Мы молчим. Между нами пробегает эротическая искра.

— Париж мне не нравится, — подает голос Боб, — думаю, что скоро поеду домой.

— Ты продвигаешься по службе?

— Нисколько! Здесь самая настоящая мафия, туда и не прорвешься! — Он смотрит на часы.

— Ты хочешь вернуться в отель? — тут же спрашиваю я.

— Ни в коем случае! Это то, чего мне хочется меньше всего!

— Почему же ты все время смотришь на часы? Боб опускает взгляд.

— Потому что… потому что я не хочу, чтобы ночь пролетела так быстро. — Он опять замолкает.

Я быстро соображаю.

— Ты хотел бы посмотреть мою квартиру? — решаюсь я.

— О да! — Он сразу расцветает. Глаза сияют, на губах улыбка. — Ты сваришь мне кофе? У тебя дома есть молоко?

— У меня все есть. Знаешь что, пусть бармен закажет нам такси. Мы больше не будем стоять в очереди. Если повезет, через четверть часа мы у меня.

В полчетвертого мы на улице Копер. Он вдруг становится страшно разговорчивым. Он восхищается квартирой, мебелью, почти готовым фри. Вид из окон спальни приводит его в такой восторг! Он декламирует стихотворение про луну, помогает мне на кухне, приносит кофейник в салон, по-домашнему располагается на моем тибетском ковре и разливает кофе. Я удобно сижу в кресле в стиле ампир, в воздухе электрические разряды. Боб ест меня глазами, полными обожания!

Но как только он выпивает свою чашку, сразу же становится тихим-претихим! Сидит и мрачно смотрит перед собой. Я пытаюсь развлечь его разными темами, все безрезультатно! Он отвечает односложно либо вообще не слышит вопроса. Это тянется какое-то время. Что такое? Кофе парализовал его разум?

Меня вдруг осеняет догадка.

Бог ты мой, все шишки на меня валятся. Еще один уникум! Боб — тихий молчун!

Бывают и громкие молчуны. Они тоже не говорят ничего конкретного, и уж ни в коем случае: «Можно у тебя переночевать?» Нет! Такого они никогда не произнесут, скорее откусят себе язык. Но они напевают и насвистывают, ставят кассеты и пластинки, курят и пьют, барабанят пальцами по мебели, упускают ценное время, и ночь пролетает!

Тихие молчуны не барабанят!

Они только бормочут еле слышно: «Мне нужно идти!» И надеются… на что?
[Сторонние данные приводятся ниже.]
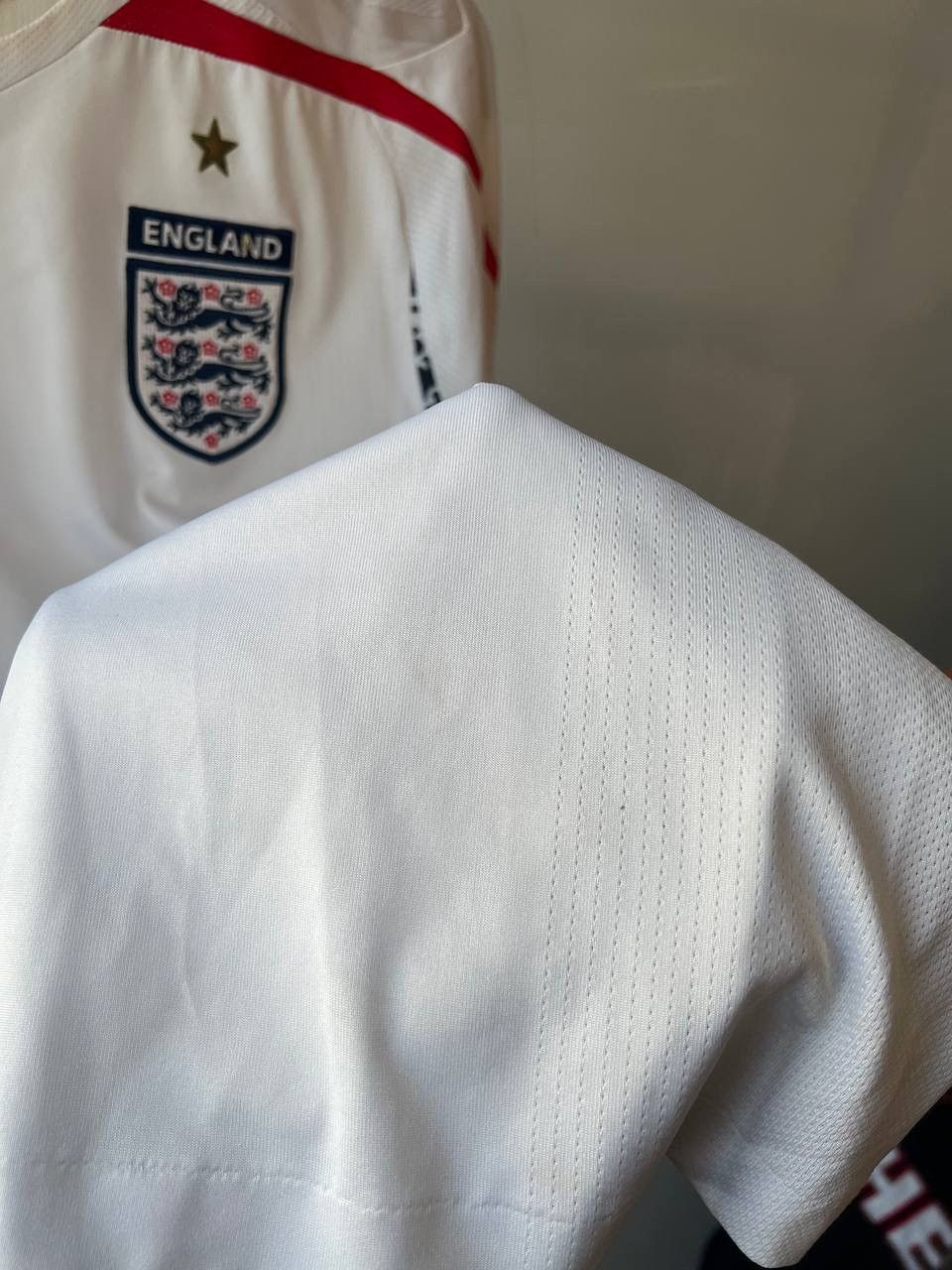Umbro 2007/09 ENGLAND TEAM #7 WALCOTT SOCCER JERSEY FOOTBALL SHIRT Size US M / EU 48-50 / 2 - 8 Thumbnail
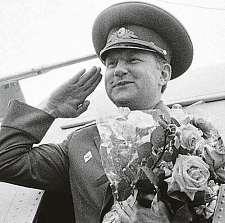 Střední skupiny vojsk, tehdy o síle 73 tisíc mužů. Abyl to Vorobjov, který po revoluci řešil jejich odchod. Byl jsem okupant První vojensko-politická jednání s ruskou stranou byla velmi napjatá.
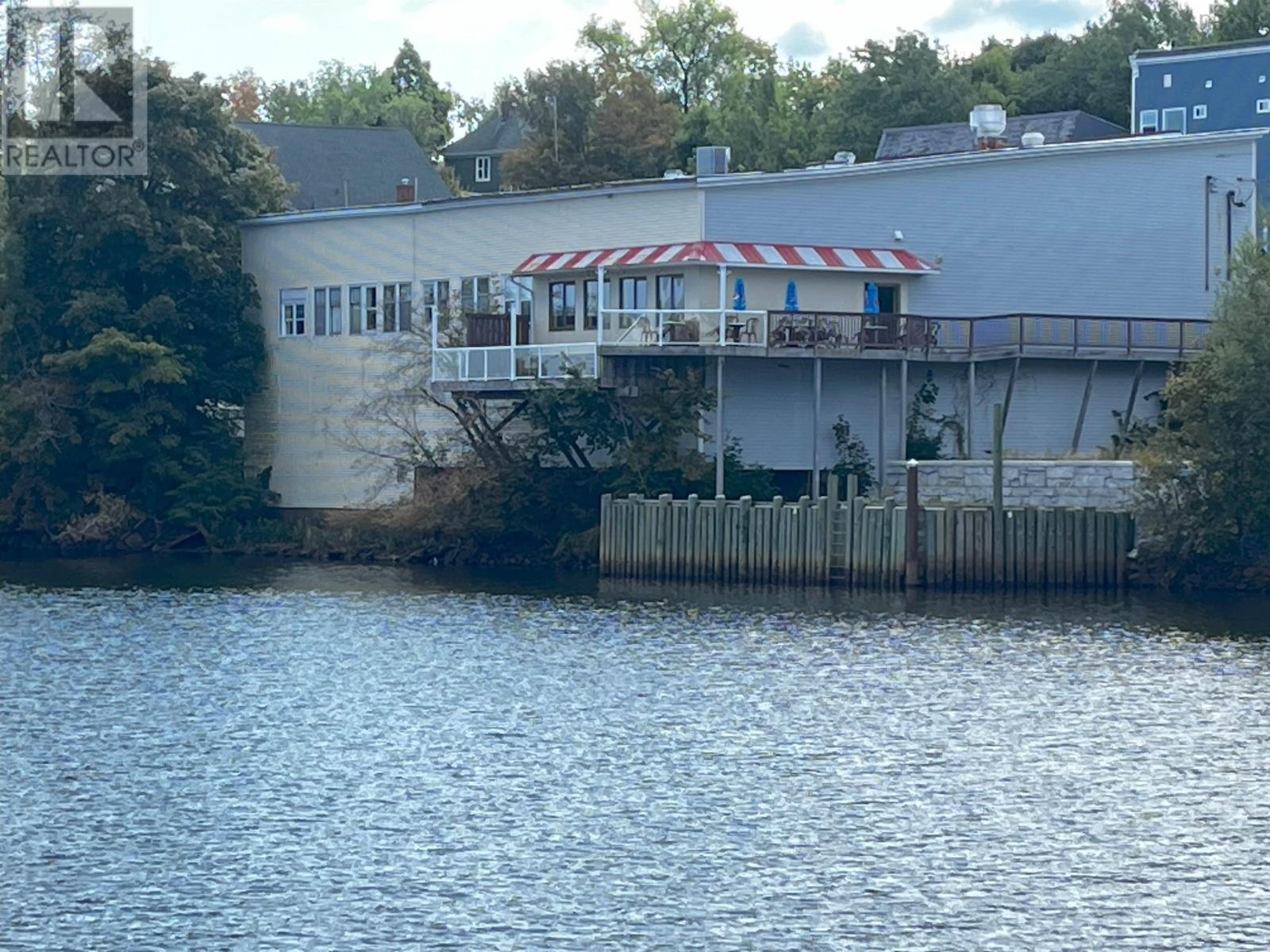 434 King Street, Bridgewater, Nova Scotia  B4V 1A9 - Photo 4 - 202522926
На чудо? На невидимый кран, который перенесет их в спальню? Без того, чтобы выглядеть сначала немножко смешным, держаться за ручки, гладить по волосам, говорить нежные слова?

Боб лежит на ковре и не двигается. Лишь бы не показывать чувства! Он хорошо смотрится в моем салоне. Но настроение изменилось. Тихие молчуны всегда привносят такую ноту. Между ним и мной вдруг образовалась глубокая пропасть.

Только что было так уютно, а теперь воздух между ковром и моим вольтеровским креслом почернел, и в нем зависло что-то сковывающее. Мы оба смотрим перед собой и слушаем тиканье часов на камине. Наконец я поворачиваю голову и смотрю на него. Он лежит с закрытыми глазами!

— Ты устал? — нарушаю я тишину и зеваю, ведь уже четверть пятого. Слава богу, утром мне не надо никуда идти!